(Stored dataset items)
[Start of section]
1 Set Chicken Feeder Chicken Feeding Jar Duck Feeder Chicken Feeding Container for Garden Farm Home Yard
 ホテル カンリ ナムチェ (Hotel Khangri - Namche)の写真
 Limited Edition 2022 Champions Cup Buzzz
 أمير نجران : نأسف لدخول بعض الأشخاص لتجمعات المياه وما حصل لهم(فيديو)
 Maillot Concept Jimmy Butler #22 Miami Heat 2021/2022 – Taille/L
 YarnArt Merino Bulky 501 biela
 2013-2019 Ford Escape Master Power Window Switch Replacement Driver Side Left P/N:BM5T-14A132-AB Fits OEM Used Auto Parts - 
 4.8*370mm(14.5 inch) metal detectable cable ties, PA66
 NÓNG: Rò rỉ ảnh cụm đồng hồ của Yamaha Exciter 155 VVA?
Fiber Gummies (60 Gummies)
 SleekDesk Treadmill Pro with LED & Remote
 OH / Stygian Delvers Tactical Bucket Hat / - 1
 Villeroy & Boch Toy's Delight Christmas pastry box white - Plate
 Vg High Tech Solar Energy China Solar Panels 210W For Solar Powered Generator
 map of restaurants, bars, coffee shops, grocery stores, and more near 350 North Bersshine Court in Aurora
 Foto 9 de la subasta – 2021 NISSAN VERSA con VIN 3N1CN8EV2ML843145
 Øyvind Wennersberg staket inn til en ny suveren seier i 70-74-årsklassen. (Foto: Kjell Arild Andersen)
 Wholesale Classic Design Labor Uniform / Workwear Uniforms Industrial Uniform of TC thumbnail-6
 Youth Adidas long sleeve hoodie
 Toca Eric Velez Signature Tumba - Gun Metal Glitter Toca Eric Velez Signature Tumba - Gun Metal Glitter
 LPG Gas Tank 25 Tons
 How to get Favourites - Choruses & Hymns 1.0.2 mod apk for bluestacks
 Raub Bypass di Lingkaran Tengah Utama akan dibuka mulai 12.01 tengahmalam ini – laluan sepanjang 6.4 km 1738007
[End of section]
What you need to do:
Up to and including the line with "4.8*370mm(14.5 inch) metal", repeat the entries exactly, beginning at their first line.

Written answer:
1 Set Chicken Feeder Chicken Feeding Jar Duck Feeder Chicken Feeding Container for Garden Farm Home Yard
 ホテル カンリ ナムチェ (Hotel Khangri - Namche)の写真
 Limited Edition 2022 Champions Cup Buzzz
 أمير نجران : نأسف لدخول بعض الأشخاص لتجمعات المياه وما حصل لهم(فيديو)
 Maillot Concept Jimmy Butler #22 Miami Heat 2021/2022 – Taille/L
 YarnArt Merino Bulky 501 biela
 2013-2019 Ford Escape Master Power Window Switch Replacement Driver Side Left P/N:BM5T-14A132-AB Fits OEM Used Auto Parts - 
 4.8*370mm(14.5 inch) metal detectable cable ties, PA66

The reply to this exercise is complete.